▶ [REQUIREMENT]: Restate the lines exactly, starting at the line that contains "Project 13 Taxidermy Trails Torrent Download" and finishing with the final line of the records.

== Segment start ==

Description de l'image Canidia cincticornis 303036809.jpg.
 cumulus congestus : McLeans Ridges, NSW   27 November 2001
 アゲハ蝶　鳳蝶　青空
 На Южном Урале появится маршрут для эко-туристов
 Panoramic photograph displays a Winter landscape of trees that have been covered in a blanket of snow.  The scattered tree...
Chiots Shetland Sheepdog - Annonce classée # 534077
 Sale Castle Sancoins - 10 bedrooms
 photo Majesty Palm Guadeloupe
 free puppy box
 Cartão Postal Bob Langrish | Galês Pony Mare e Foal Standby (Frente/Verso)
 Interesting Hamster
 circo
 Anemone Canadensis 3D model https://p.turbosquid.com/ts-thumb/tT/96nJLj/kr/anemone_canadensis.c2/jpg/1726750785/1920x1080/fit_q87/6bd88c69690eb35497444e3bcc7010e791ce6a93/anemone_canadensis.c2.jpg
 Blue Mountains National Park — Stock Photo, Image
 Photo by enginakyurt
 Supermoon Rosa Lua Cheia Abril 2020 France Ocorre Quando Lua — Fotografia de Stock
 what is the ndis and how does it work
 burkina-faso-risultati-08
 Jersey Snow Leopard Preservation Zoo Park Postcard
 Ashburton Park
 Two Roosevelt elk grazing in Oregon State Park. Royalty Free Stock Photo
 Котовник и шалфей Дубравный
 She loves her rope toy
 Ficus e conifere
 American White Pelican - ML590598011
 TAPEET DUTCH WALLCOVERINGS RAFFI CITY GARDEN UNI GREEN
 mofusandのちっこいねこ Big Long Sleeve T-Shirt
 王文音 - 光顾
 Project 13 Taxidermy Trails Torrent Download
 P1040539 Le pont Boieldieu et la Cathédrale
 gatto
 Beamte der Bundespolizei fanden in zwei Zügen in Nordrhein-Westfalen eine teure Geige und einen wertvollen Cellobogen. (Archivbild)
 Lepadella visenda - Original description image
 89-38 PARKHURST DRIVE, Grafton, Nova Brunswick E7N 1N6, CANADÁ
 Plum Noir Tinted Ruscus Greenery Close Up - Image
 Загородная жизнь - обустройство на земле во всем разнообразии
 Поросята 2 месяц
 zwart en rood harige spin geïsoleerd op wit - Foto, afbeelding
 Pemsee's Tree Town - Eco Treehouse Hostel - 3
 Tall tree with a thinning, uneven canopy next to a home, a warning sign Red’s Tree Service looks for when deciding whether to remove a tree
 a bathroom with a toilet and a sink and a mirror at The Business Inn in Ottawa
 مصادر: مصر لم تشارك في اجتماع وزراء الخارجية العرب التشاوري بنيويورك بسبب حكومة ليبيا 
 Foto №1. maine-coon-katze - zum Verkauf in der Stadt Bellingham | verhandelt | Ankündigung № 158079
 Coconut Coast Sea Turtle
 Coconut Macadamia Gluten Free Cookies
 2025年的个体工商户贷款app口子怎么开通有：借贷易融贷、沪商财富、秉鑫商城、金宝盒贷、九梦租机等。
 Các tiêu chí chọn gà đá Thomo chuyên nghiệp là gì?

== Segment end ==

▶ [EXPECTED ANSWER]:
 Project 13 Taxidermy Trails Torrent Download
 P1040539 Le pont Boieldieu et la Cathédrale
 gatto
 Beamte der Bundespolizei fanden in zwei Zügen in Nordrhein-Westfalen eine teure Geige und einen wertvollen Cellobogen. (Archivbild)
 Lepadella visenda - Original description image
 89-38 PARKHURST DRIVE, Grafton, Nova Brunswick E7N 1N6, CANADÁ
 Plum Noir Tinted Ruscus Greenery Close Up - Image
 Загородная жизнь - обустройство на земле во всем разнообразии
 Поросята 2 месяц
 zwart en rood harige spin geïsoleerd op wit - Foto, afbeelding
 Pemsee's Tree Town - Eco Treehouse Hostel - 3
 Tall tree with a thinning, uneven canopy next to a home, a warning sign Red’s Tree Service looks for when deciding whether to remove a tree
 a bathroom with a toilet and a sink and a mirror at The Business Inn in Ottawa
 مصادر: مصر لم تشارك في اجتماع وزراء الخارجية العرب التشاوري بنيويورك بسبب حكومة ليبيا 
 Foto №1. maine-coon-katze - zum Verkauf in der Stadt Bellingham | verhandelt | Ankündigung № 158079
 Coconut Coast Sea Turtle
 Coconut Macadamia Gluten Free Cookies
 2025年的个体工商户贷款app口子怎么开通有：借贷易融贷、沪商财富、秉鑫商城、金宝盒贷、九梦租机等。
 Các tiêu chí chọn gà đá Thomo chuyên nghiệp là gì?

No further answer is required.